** PROVIDED INFORMATION follows **
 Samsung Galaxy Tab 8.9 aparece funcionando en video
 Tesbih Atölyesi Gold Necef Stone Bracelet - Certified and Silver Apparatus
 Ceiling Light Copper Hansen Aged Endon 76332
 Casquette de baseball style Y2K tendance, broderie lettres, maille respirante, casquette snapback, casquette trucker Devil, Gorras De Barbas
** End of PROVIDED INFORMATION **
** PROVIDED INFORMATION follows **
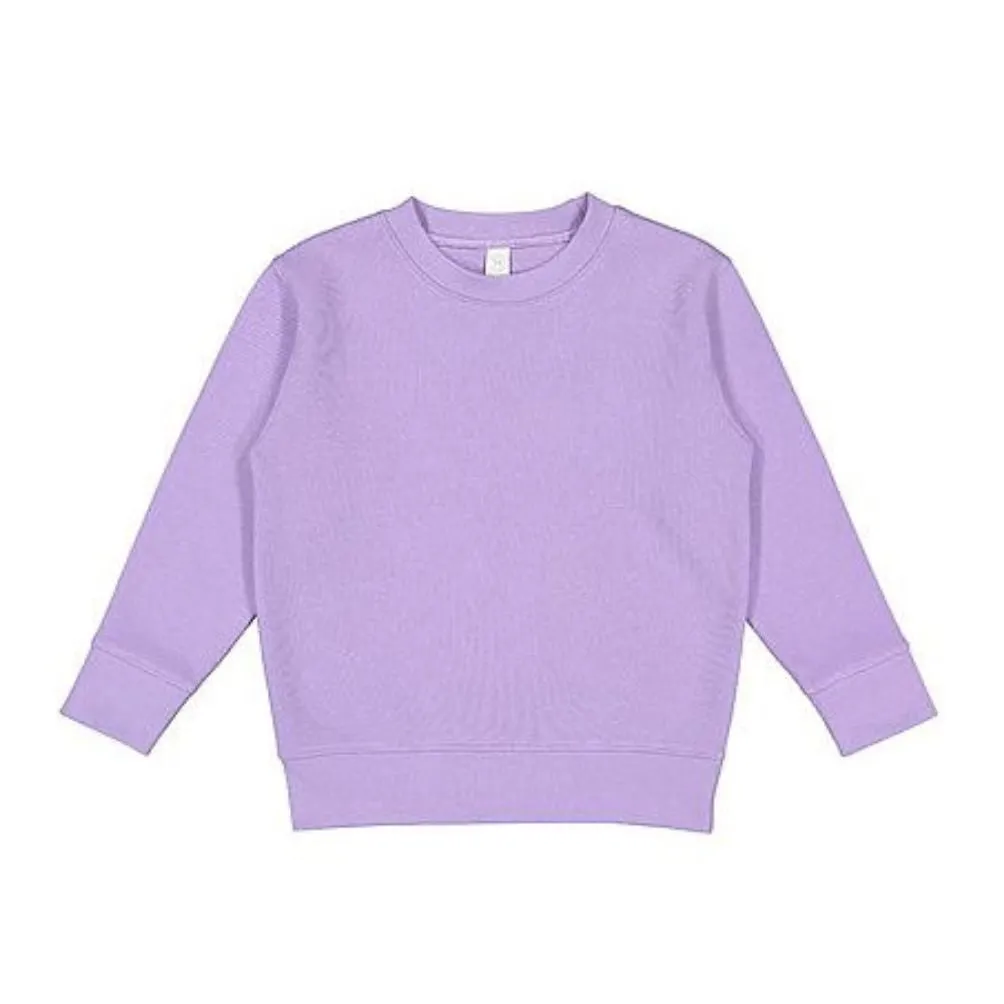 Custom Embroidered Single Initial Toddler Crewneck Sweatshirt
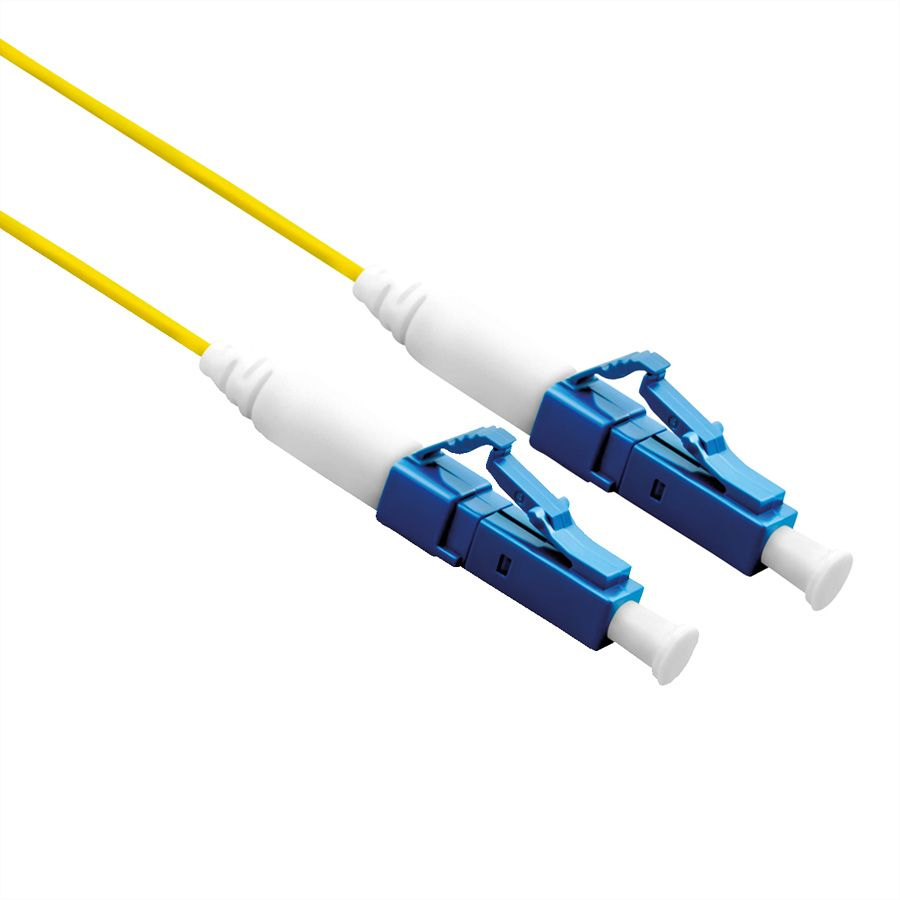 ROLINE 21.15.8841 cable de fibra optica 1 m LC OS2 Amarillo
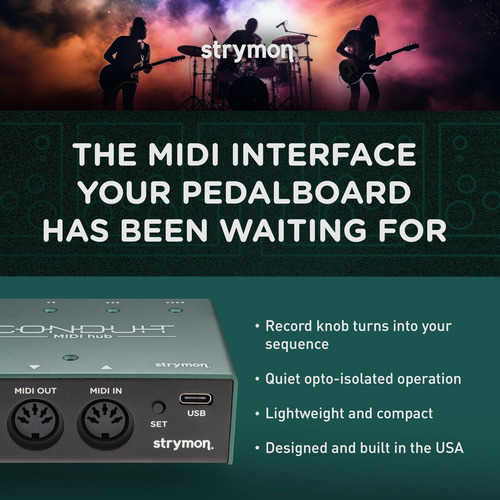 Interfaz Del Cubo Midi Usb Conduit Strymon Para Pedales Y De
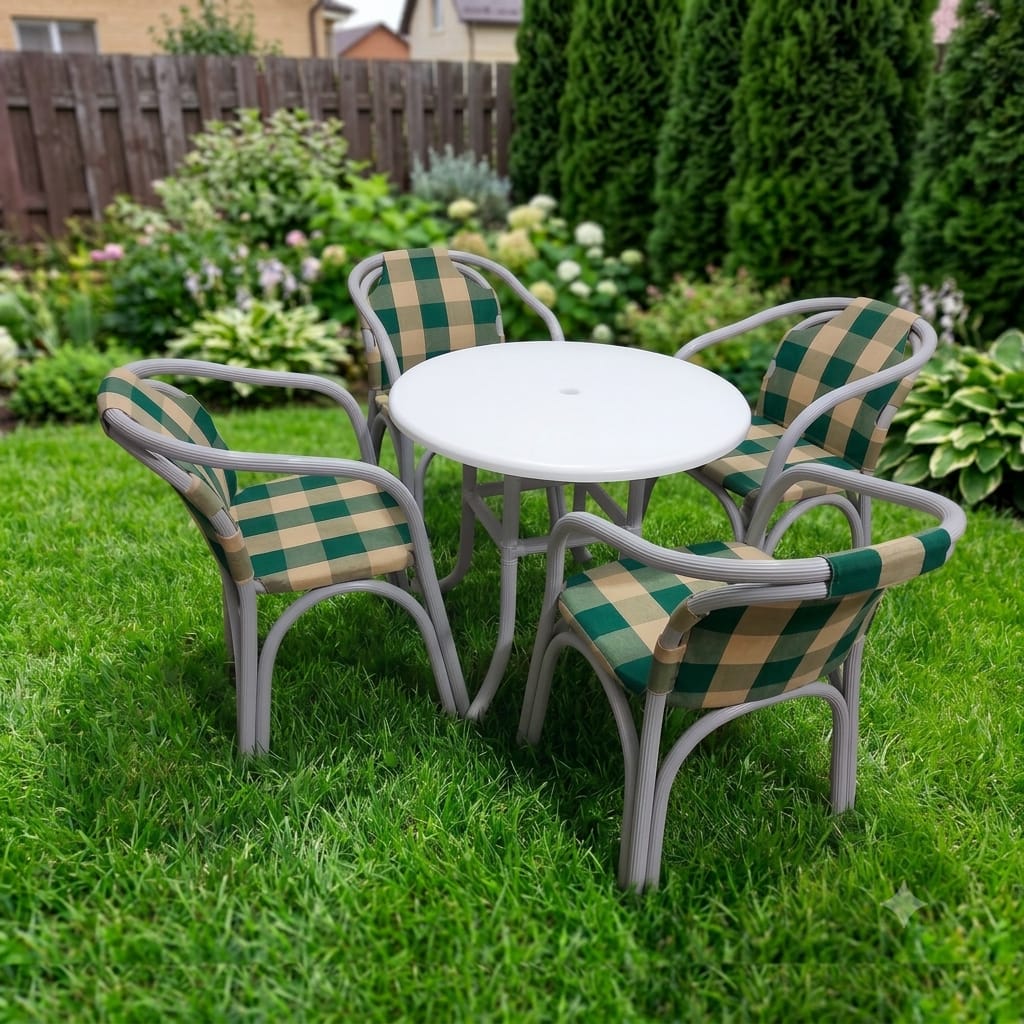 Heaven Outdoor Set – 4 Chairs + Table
** End of PROVIDED INFORMATION **
**WHAT TO WORK ON:**
Reprint exactly the lines above that start at the one with "Ceiling Light Copper Hansen Aged Endon 76332" and end at the one with "Casquette de baseball", keeping both and adding none.

**ANSWER BOX:**
 Ceiling Light Copper Hansen Aged Endon 76332
 Casquette de baseball style Y2K tendance, broderie lettres, maille respirante, casquette snapback, casquette trucker Devil, Gorras De Barbas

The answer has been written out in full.